Afrika paprika! – S.V.

After a tiring morning in the garden, Mr. Malnar decided to reward himself with dried hot peppers he grew himself.

He has ~n~ peppers, connected with ~n-1~ pieces of string, so that every two peppers are connected by some series of strings. Formally, they form a tree.

Mr. Malnar will partake in three lunches today. For that purpose, he will cut two strings to get three smaller components, one for each lunch.

The tree from the third example along with the optimal cuts.

It's bad to make any lunch too spicy, so he will choose the cuts in a way that minimizes the difference between the size of the largest and the smallest component. You need to determine the sought minimum difference.

Input

The first line contains an integer ~n~, the number of peppers. The peppers are labeled by integers from ~1~ to ~n~.

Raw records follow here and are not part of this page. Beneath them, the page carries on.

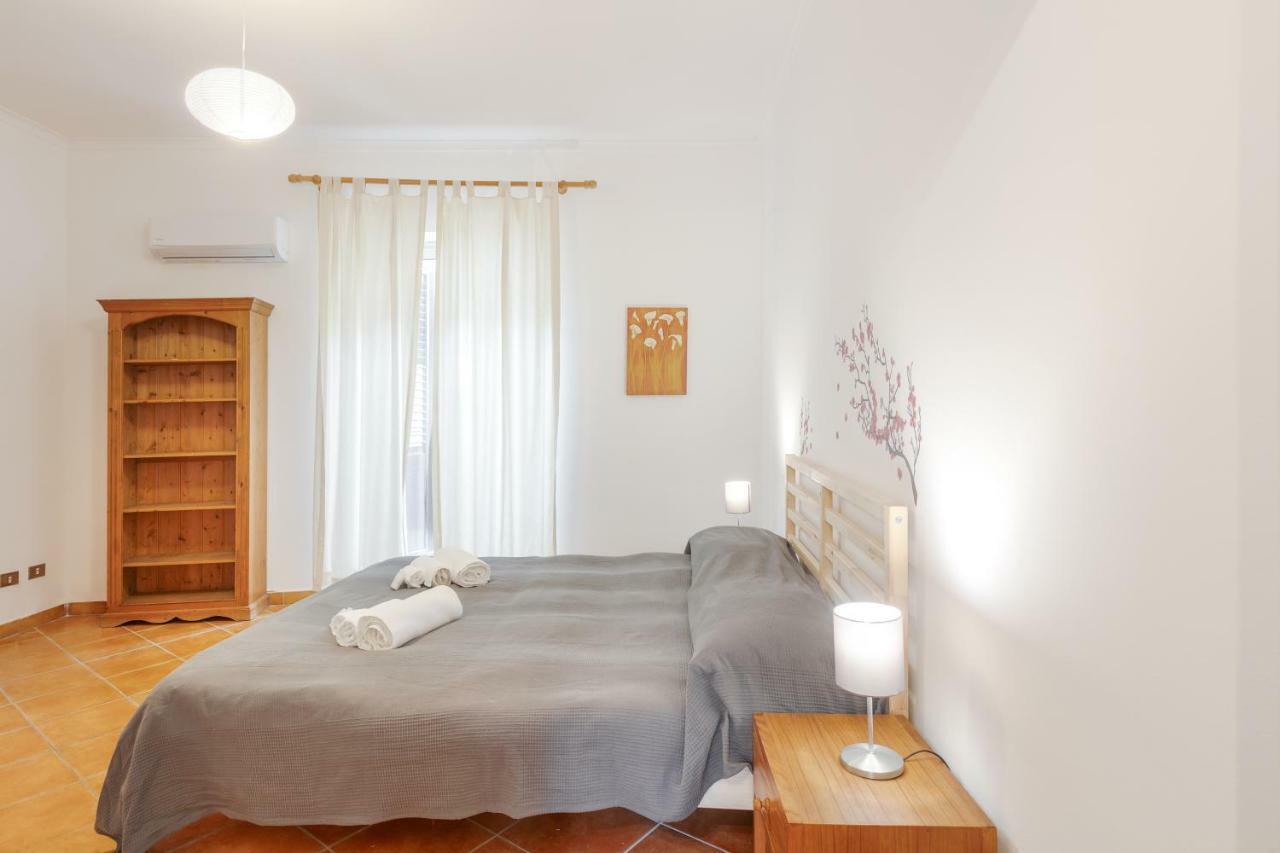 Maqueda Balcony Apartment Palermo Exterior photo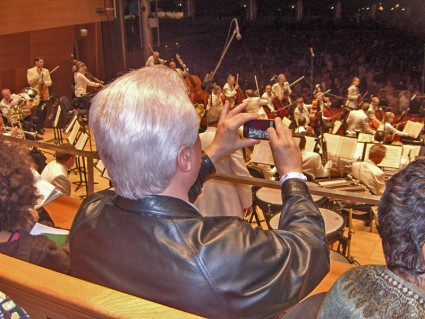 Another choral terrace patron capturing the moment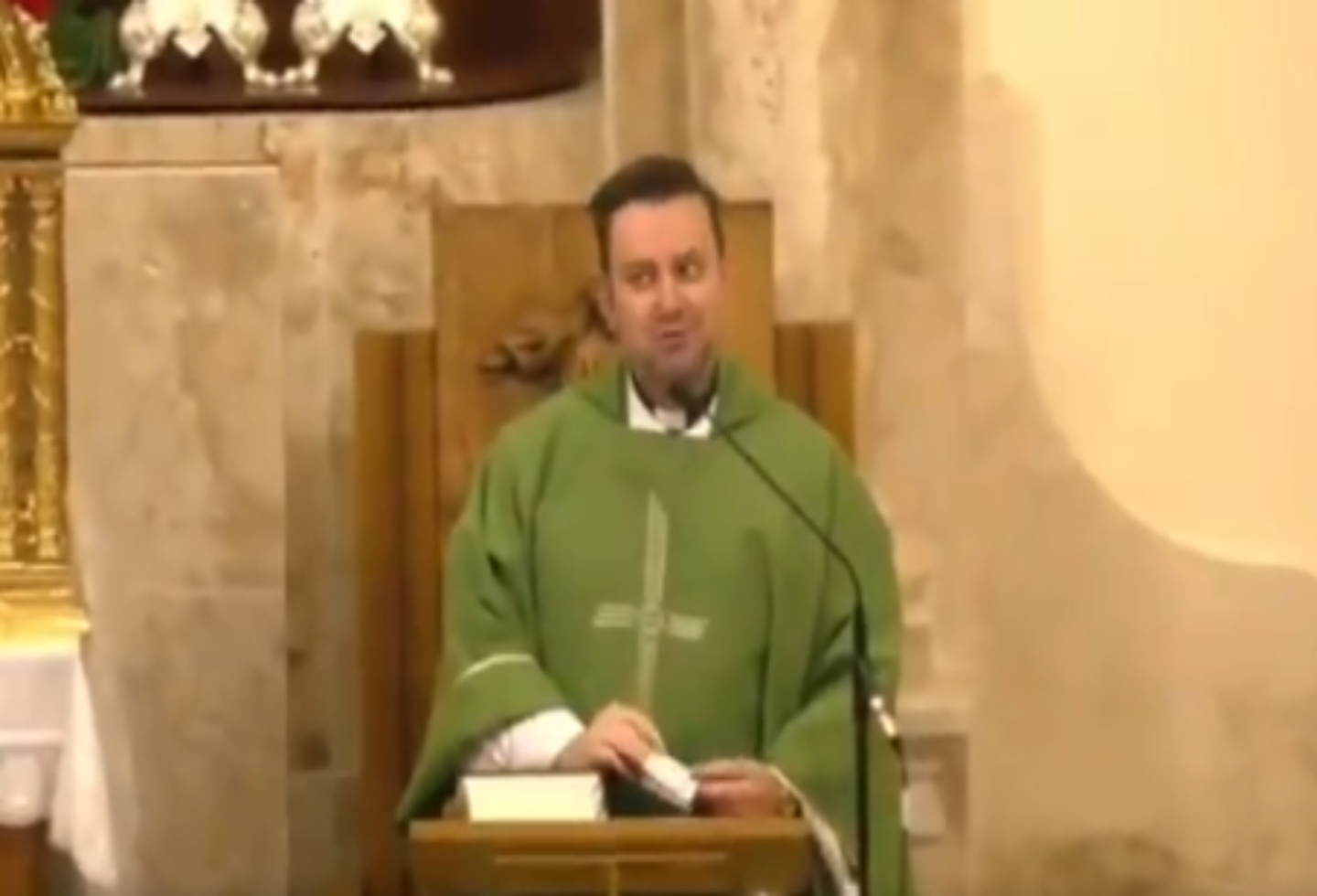 Sacerdote pide a los fieles ofrendas más generosas: “Yo sé quién da” | RCN Radio Sacerdote pide a los fieles ofrendas más generosas: “Yo sé quién da” | RCN Radio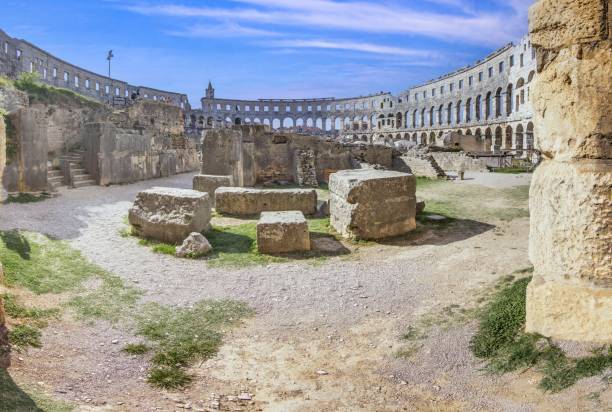 blick in das römische amphitheater in der kroatischen stadt pula ohne menschen - amphitheater pula stock-fotos und bilder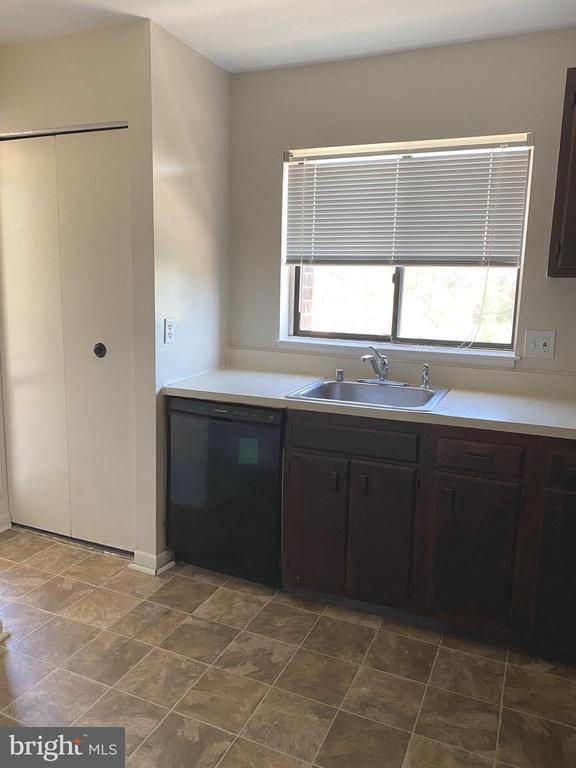 Photo - 15702 Dorset Rd Unit 202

Each of the following ~n-1~ lines contains two integers ~x~ and ~y~ ~(1 \le x, y \le n)~ – labels of peppers that are directly connected by a piece of string.

Output

Print the minimum possible difference of component sizes.

Scoring

Subtask	Score	Constraints
~1~	~15~	~3 \le n \le 200~
~2~	~35~	~3 \le n \le 2\,000~
~3~	~60~	~3 \le n \le 200\,000~

Sample Input 1

4
1 2
2 3
3 4

Sample Output 1

1

Explanation for Sample Output 1

In the first example, each of the possible three ways of cutting the strings yields one component with two peppers and two components with one pepper each. Therefore the answer is ~2-1 = 1~.

Sample Input 2

6
1 2
1 3
3 4
3 5
5 6

Sample Output 2

0

Explanation for Sample Output 2

In the second example, it's possible to get three components of the same size by cutting the string that connects peppers ~1~ and ~3~, and also ~3~ and ~5~, so the answer is ~0~.

Sample Input 3

9
1 3
2 3
3 4
3 5
5 6
5 7
7 8
7 9

Sample Output 3

2

Explanation for Sample Output 3

Optimal cuts for the third example are shown on the figure in the statement. The sizes of the components are ~4~, ~2~ and ~3~, and the answer is ~4-2 = 2~.